◆ EXERCISE INSTRUCTIONS: Drop all pictures and repeat exactly the lines from the line holding "AS/NZS 1158.3.1:2020 pdf" through the end of the records.

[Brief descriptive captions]
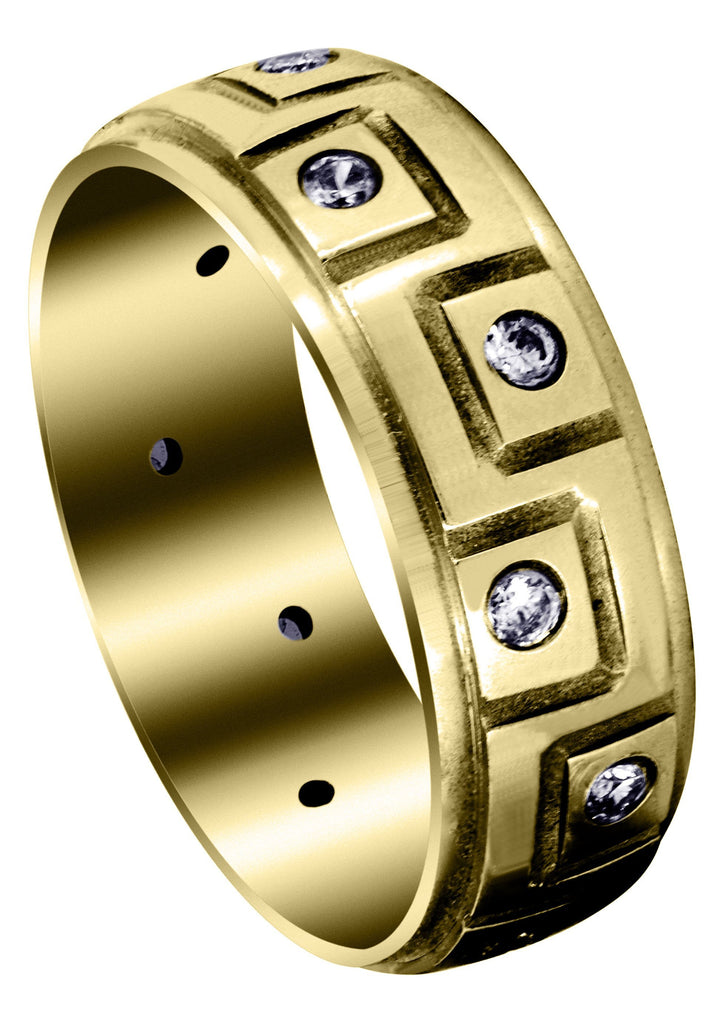 Yellow Gold Classic Diamond Mens Engagement Ring | 0.36 Carats (Simon) Yellow Wedding Band FROST NYC 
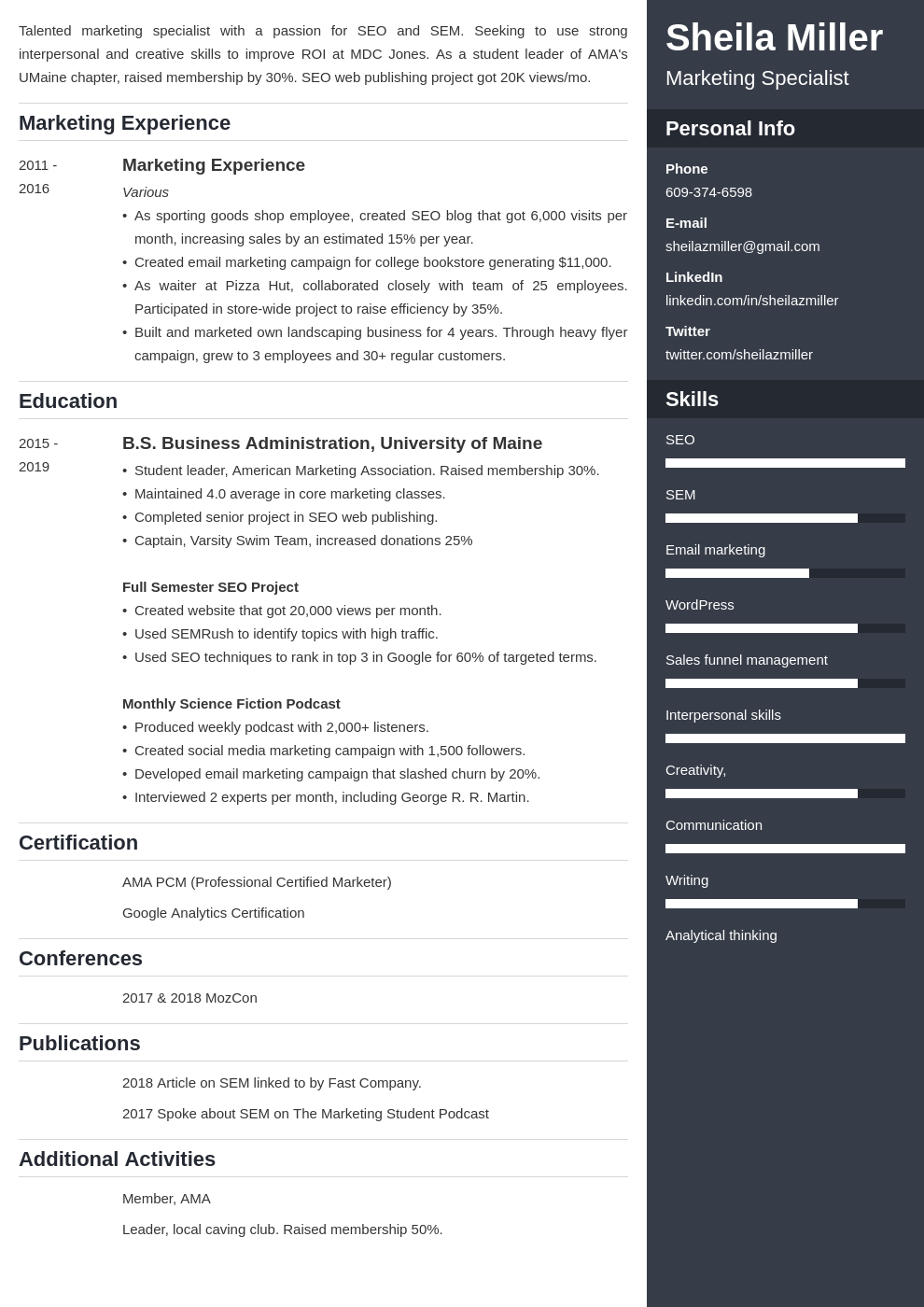 University Student CV Template—20+ Writing Tips & Samples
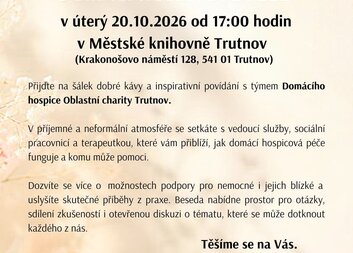 Beseda Domácí hospicové péče 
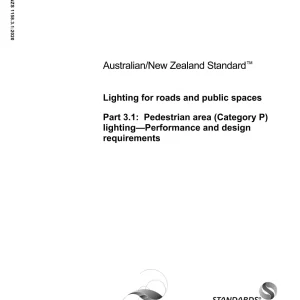 AS/NZS 1158.3.1:2020 pdf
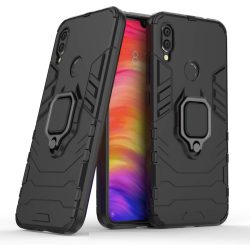 OO LALA JI-D5 Stand Poly Carbonate | Black Back Cover For Xiaomi Redmi NOTE 7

◆ SOLVED EXERCISE:
 AS/NZS 1158.3.1:2020 pdf
 OO LALA JI-D5 Stand Poly Carbonate | Black Back Cover For Xiaomi Redmi NOTE 7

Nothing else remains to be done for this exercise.